To participate, you have to agree to the following rules:

  • As we can’t allow access to the test images during the competition, the final model and code must be submitted in a docker container. You will be given a template docker container to use for this.
  • Participants are requested to publish a (brief) description of their method and results on ArXiv (or similar pre-print platforms) that is linked to their final submission. There is no page limit for that description, but it has to include a conclusive description of the approach of the participating team.
  • Training data is licensed as CC BY, i.e. everyone (also non-participants of the challenge) are free to use the training data set in their respective work, given attribution in the publication.
  • For participation in award category 1,  participants are allowed to use all publicly available data for training and select any network architecture.
  • For participation in award category 2 (data-centric challenge), participants are not allowed to use any additional (publicly available) data, and the reference network implementation must be used. However, it is permitted to use AI models in the data pipeline under the following conditions:
    • the AI models ONLY alter/augment the data or synthetically generate new data but they don’t generate the prediction;
    • the AI models can be pretrained but have to be as such publicly available, but it is NOT allowed to train them on any ADDITIONAL data (only the challenge dataset is allowed for training).

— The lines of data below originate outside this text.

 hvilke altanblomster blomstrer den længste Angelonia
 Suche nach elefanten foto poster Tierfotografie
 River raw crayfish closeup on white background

  • We added this clarification to our challenge rules: https://autopet-iii.grand-challenge.org/rules/
  • Algorithms must be made publicly available as e.g. GitHub repository with a permissive open source license (Apache Licence 2.0, MIT Licence, GNU GPLv3, GNU AGPLv3, Mozilla Public Licence 2.0, Boost Software Licence 1.0, The Unlicence)

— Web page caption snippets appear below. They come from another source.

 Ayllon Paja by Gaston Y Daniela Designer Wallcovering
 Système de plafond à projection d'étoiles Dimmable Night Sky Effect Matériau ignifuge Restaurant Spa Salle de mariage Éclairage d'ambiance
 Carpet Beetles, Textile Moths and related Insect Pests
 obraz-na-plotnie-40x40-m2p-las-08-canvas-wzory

  • To avoid potential conflicts of interest, researchers affiliated with the institutes of the organizers are not allowed to participate.

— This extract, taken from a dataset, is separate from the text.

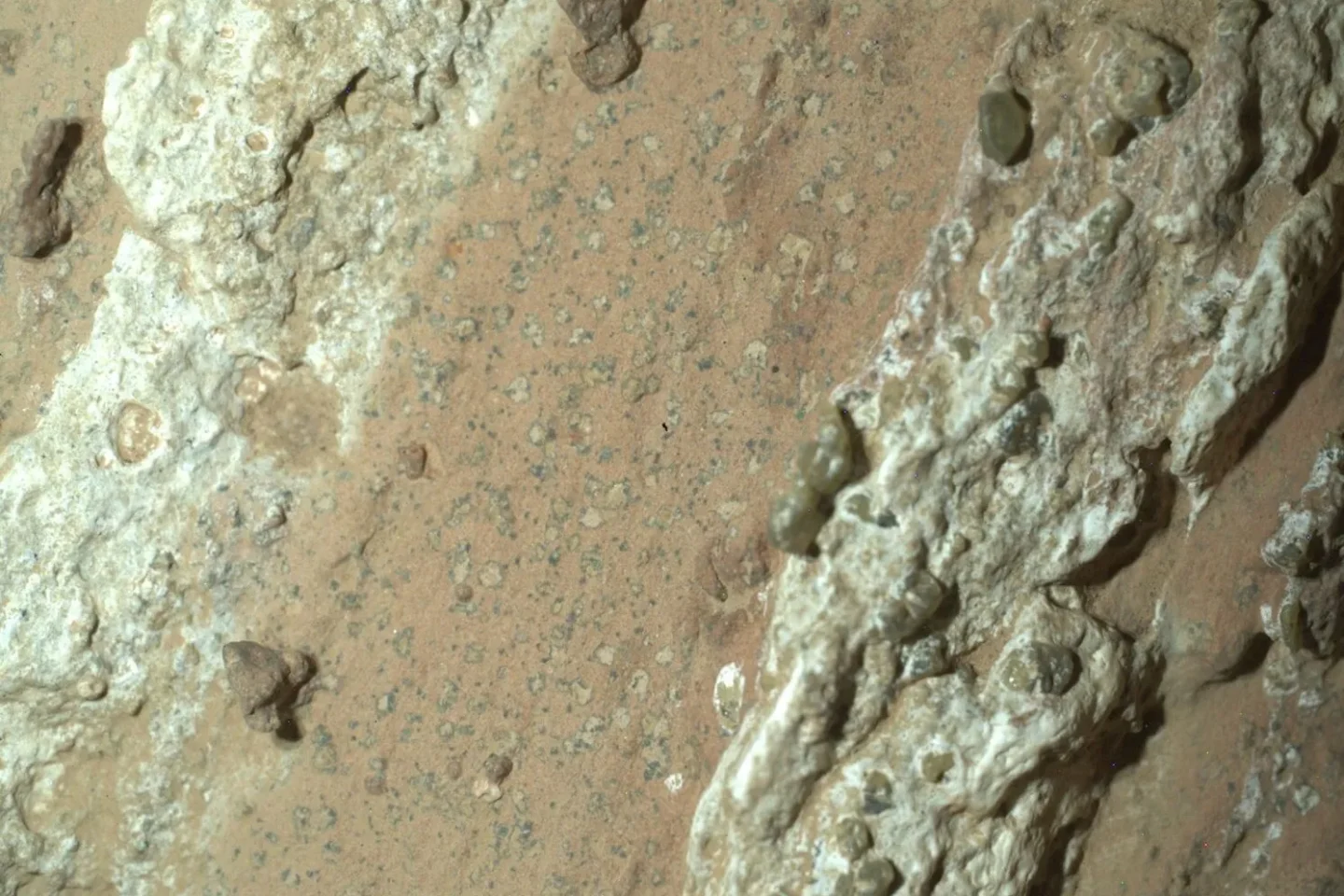 Mars-Sensation: NASA entdeckt Hinweise auf Leben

  • The provided baselines will hold their respective positions but without eligibility for prize money.
  • Resubmissions of the provided baseline model in award category 1 are not eligible for prizes.

Publication policy

  • Participants may publish papers including their official performance on the challenge data set, given proper reference of the challenge and the dataset. There is no embargo time in that regard. Please use the following references:
    Database:  , TBA
    Challenge: TBA
  • We aim to publish a summary of the challenge in a peer-reviewed journal (further information). The first and last author of the submitted arxiv paper will qualify as authors in the summary paper. Participating teams are free to publish their own results in a separate publication after coordination with the authors of the challenge to avoid significant overlap with the summary paper.